### Work required
Range to output from the entries below: the line containing "Room 3 of 44" through the line containing "Sculpture, Female saint". Set it down exactly, ends included, nothing else.

BEGIN Material provided

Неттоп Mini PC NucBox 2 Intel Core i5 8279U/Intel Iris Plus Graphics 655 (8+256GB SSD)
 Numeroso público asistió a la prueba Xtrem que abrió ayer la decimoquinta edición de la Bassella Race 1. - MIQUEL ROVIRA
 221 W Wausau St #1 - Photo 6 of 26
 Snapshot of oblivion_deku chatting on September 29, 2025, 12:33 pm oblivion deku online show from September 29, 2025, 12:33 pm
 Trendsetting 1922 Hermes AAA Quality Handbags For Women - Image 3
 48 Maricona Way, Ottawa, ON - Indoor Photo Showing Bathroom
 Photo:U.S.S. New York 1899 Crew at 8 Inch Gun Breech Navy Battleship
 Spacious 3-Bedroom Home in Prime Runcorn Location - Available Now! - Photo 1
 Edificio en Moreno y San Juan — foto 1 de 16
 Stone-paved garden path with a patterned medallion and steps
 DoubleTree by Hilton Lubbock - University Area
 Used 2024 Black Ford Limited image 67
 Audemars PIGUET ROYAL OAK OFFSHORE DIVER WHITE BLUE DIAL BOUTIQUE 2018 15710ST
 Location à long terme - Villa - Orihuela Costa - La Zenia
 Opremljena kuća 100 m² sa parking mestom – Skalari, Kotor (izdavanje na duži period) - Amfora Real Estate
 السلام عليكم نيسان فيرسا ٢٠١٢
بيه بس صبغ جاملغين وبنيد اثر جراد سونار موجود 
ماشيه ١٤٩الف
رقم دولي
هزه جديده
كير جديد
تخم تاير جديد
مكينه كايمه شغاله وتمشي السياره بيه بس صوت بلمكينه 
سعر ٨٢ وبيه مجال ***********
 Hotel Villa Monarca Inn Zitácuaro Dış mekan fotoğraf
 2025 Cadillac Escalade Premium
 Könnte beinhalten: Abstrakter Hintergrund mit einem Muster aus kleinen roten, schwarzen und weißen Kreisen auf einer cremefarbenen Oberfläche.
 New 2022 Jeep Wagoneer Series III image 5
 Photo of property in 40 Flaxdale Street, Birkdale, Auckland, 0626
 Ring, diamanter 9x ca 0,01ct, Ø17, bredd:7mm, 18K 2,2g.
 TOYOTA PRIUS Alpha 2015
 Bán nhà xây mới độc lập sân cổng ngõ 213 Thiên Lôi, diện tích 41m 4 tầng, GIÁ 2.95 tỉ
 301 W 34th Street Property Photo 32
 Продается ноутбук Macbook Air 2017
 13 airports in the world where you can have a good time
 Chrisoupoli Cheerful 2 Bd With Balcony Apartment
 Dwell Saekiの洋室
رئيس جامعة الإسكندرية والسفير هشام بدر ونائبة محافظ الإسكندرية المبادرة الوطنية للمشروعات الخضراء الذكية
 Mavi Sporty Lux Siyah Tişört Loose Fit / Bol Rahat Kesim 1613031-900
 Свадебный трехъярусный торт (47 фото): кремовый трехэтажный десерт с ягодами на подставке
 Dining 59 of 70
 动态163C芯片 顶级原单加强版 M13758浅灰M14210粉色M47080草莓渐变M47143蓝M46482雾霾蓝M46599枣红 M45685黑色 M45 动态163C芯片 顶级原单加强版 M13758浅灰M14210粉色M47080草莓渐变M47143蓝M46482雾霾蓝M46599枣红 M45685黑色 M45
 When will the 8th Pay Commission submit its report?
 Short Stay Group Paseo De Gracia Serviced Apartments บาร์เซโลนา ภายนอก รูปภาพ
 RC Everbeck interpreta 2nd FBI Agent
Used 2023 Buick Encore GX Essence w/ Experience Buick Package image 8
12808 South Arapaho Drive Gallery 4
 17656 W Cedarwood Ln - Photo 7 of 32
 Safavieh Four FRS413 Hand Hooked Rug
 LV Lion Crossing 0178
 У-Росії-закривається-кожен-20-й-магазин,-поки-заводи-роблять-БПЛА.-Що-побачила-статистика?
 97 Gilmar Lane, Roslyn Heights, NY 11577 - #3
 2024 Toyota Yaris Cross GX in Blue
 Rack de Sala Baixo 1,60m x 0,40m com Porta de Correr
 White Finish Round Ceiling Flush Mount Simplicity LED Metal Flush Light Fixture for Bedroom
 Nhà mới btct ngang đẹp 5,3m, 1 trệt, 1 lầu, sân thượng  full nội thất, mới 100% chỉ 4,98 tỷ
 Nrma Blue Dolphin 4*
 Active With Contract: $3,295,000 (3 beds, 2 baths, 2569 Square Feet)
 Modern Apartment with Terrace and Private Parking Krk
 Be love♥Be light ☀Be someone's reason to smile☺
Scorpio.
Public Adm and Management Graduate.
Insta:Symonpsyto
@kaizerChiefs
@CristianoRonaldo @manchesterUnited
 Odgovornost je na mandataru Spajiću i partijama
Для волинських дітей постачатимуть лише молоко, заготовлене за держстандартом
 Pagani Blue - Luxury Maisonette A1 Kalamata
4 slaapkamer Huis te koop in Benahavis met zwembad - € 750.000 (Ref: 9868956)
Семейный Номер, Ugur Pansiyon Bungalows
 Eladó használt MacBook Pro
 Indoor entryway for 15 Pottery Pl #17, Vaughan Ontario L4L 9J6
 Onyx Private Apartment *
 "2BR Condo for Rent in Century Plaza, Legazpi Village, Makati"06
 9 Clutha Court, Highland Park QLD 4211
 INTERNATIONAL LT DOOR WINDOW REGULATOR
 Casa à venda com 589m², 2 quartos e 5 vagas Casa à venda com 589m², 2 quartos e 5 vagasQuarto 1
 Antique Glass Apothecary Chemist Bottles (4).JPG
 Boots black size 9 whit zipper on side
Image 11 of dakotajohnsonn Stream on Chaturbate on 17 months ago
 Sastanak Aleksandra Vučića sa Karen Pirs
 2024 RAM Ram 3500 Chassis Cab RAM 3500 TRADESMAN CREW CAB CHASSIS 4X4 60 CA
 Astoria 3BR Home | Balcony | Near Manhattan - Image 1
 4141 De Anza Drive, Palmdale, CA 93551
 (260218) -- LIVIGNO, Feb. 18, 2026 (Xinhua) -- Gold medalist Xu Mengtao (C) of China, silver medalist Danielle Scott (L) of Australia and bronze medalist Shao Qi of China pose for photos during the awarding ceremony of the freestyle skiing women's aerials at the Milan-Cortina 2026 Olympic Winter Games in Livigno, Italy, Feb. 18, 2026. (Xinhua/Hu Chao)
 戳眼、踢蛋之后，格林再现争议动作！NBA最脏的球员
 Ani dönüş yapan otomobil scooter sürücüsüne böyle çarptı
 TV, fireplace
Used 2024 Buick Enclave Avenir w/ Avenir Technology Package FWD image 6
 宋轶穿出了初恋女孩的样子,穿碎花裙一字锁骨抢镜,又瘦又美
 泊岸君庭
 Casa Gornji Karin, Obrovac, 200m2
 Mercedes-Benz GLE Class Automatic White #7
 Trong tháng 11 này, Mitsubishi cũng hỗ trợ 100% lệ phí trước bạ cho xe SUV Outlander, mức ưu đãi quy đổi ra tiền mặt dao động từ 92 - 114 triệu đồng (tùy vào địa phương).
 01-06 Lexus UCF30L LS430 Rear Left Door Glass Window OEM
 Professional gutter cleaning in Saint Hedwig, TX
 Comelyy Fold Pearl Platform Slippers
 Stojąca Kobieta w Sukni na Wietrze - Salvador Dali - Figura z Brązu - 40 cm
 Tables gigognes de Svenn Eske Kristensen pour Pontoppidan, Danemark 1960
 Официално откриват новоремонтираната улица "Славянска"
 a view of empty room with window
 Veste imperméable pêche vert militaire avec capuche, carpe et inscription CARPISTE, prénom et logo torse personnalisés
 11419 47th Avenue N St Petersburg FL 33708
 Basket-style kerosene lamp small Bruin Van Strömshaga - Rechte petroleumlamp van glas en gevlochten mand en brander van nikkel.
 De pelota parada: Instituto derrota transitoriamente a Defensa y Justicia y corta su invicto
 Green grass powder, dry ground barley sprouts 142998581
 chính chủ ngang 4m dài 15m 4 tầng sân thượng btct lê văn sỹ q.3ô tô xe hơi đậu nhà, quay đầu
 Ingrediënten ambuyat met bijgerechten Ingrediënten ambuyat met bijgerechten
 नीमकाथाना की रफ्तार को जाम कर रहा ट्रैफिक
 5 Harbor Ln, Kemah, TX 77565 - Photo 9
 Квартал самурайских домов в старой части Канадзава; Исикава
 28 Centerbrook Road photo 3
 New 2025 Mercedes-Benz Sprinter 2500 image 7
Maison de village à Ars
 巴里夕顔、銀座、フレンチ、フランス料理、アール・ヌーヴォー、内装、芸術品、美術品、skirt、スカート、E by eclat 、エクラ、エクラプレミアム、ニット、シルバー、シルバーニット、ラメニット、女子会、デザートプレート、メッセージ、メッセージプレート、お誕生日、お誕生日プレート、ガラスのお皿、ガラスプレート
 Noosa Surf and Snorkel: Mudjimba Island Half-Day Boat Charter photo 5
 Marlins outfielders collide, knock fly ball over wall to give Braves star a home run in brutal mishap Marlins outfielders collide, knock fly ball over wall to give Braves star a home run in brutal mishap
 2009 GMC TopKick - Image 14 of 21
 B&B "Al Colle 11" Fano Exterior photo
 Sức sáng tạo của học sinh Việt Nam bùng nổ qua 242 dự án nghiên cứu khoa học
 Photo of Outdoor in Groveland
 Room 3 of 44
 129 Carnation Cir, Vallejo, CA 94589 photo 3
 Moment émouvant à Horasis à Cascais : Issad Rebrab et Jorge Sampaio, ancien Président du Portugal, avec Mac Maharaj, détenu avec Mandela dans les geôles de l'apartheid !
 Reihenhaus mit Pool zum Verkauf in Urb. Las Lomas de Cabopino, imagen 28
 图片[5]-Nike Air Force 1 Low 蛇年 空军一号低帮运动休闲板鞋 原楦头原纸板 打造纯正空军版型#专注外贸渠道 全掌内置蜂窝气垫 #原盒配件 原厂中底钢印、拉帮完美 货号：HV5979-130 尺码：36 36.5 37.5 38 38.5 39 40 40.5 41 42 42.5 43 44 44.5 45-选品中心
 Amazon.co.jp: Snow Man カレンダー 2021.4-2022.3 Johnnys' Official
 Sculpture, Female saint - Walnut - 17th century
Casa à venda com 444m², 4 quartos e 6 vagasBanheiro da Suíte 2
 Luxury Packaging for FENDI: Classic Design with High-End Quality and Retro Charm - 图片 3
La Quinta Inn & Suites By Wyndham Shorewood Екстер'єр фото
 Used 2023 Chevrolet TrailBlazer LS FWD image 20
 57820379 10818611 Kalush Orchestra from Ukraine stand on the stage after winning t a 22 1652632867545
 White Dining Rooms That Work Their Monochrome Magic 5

END Material provided

### Reply to the task
 Room 3 of 44
 129 Carnation Cir, Vallejo, CA 94589 photo 3
 Moment émouvant à Horasis à Cascais : Issad Rebrab et Jorge Sampaio, ancien Président du Portugal, avec Mac Maharaj, détenu avec Mandela dans les geôles de l'apartheid !
 Reihenhaus mit Pool zum Verkauf in Urb. Las Lomas de Cabopino, imagen 28
 图片[5]-Nike Air Force 1 Low 蛇年 空军一号低帮运动休闲板鞋 原楦头原纸板 打造纯正空军版型#专注外贸渠道 全掌内置蜂窝气垫 #原盒配件 原厂中底钢印、拉帮完美 货号：HV5979-130 尺码：36 36.5 37.5 38 38.5 39 40 40.5 41 42 42.5 43 44 44.5 45-选品中心
 Amazon.co.jp: Snow Man カレンダー 2021.4-2022.3 Johnnys' Official
 Sculpture, Female saint - Walnut - 17th century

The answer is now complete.